In 1976, the top 1 percent owned 20 percent of the wealth. Today that figure is 35 percent. Toss in the next 19 percent of the wealthiest and it goes to 85.5 percent, the highest concentration of wealth since 1929 and the worst distribution ratio among the G-7 industrialized nations. Conversely, 80 percent of the population owns just 14.5 percent of the wealth, half of which is equity in their homes.
Here're a few more statistics that will make you want to break into a few choruses of "The Internationale."
The nonpartisan Congressional Budget Office reports the ratio in after-tax income between the top 1 percent and the poorest 40 percent more than tripled since 1979. IRS data show the effective tax rate for the 400 wealthiest Americans, with a reported average income of $345 million, declined by nearly half -- to 16.6 percent -- since 1992, even as their inflation-adjusted pretax income grew five times larger. The ratio of CEO pay to blue collar pay rose from 42:1 in 1960 to over 500:1 today. The same ratio in Europe is 25:1.
Under the massive Reagan and Bush tax cuts inflation-adjusted income grew 27 percent between 1979 and 2006. However nearly all the gains went to the richest 20 percent while incomes of the bottom 80 percent remained stagnant, resulting in the highest income inequality in 93 years.
So what! say the cons. The rich earned their money fair and square and shouldn't be punished by oppressive taxes in order to redistribute the fruits of their labor to those unwilling to pull their weight. My, how quaintly Dickensian.
But that's just it! They didn't earn their money "fair and square." The fact is in this grovel -- I mean global -- economy, instead of the win-win economy of mid-century, the rich thrive purposely on the backs of the working and middle classes.
Is it fair, for example, to off-shore jobs, bust private sector unions, cut wages and benefits and employ political cronies to bastardize government oversight of financial institutions, minerals management, clean air and water, workplace and product safety and pension security?
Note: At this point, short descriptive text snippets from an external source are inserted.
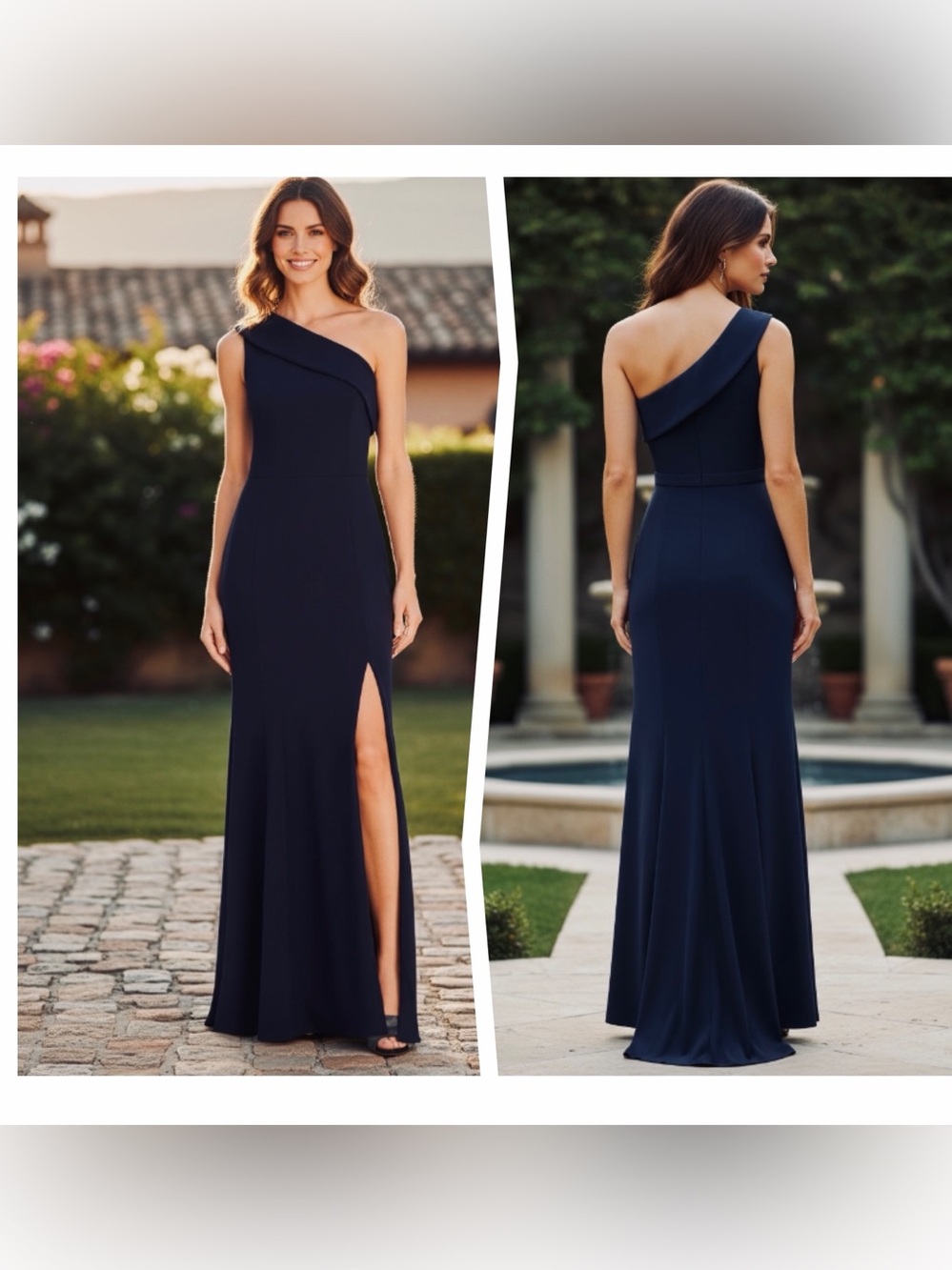 AQUA Off Shoulder Crepe Evening Gown In Navy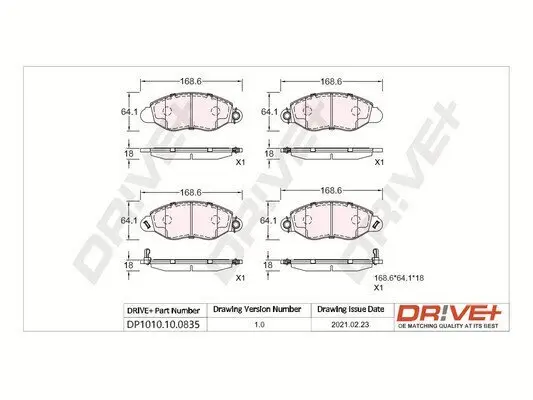 Bremsbelagsatz, Scheibenbremse Dr!ve+ DP1010.10.0835 Bild Bremsbelagsatz, Scheibenbremse Dr!ve+ DP1010.10.0835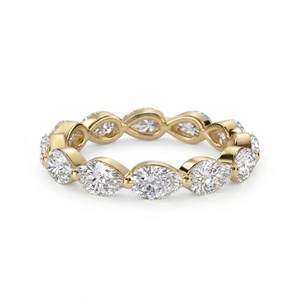 แหวนเพชรทรงมาร์คีส์แนวนอนแบบ Eternity Band - ทอง 9k, 14k, 18k - Product Image 5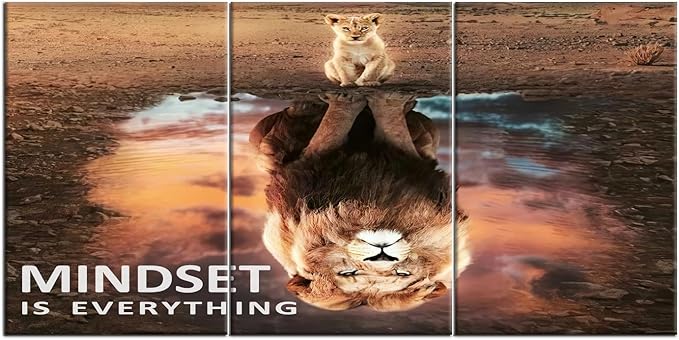 QYHART Inspirational Poster Lion Motivational Wall Art 3 Pieces Canvas Prints Artwork for Living Room Modern Home Decor Painting Pictures Stretched and Framed Ready to Hang [48''Wx 24''H]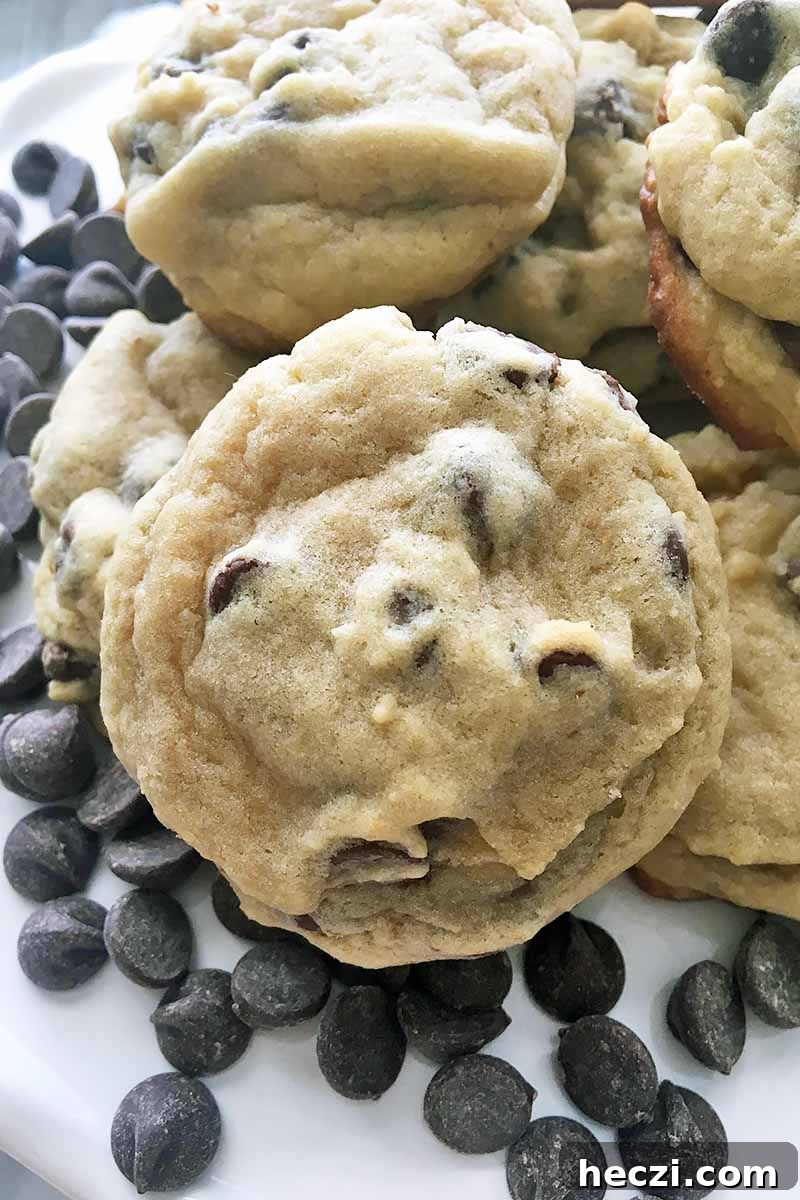 Vertical image of cookies on top of chocolate chips on a white plate.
Is it square to garner trillions from favorable trade rules, government subsidies, no-bid defense contracts and massive overruns, tax incentives, earmarks, bailouts, sweetheart deals to drill, mine, timber and graze on public lands and the unpaid costs of their pollution, all of which goes directly to their bottom lines?
Cons point out the richest 20 percent pay 70 percent of the taxes, but seeing as how they essentially own America, I say we raise their mortgage payments.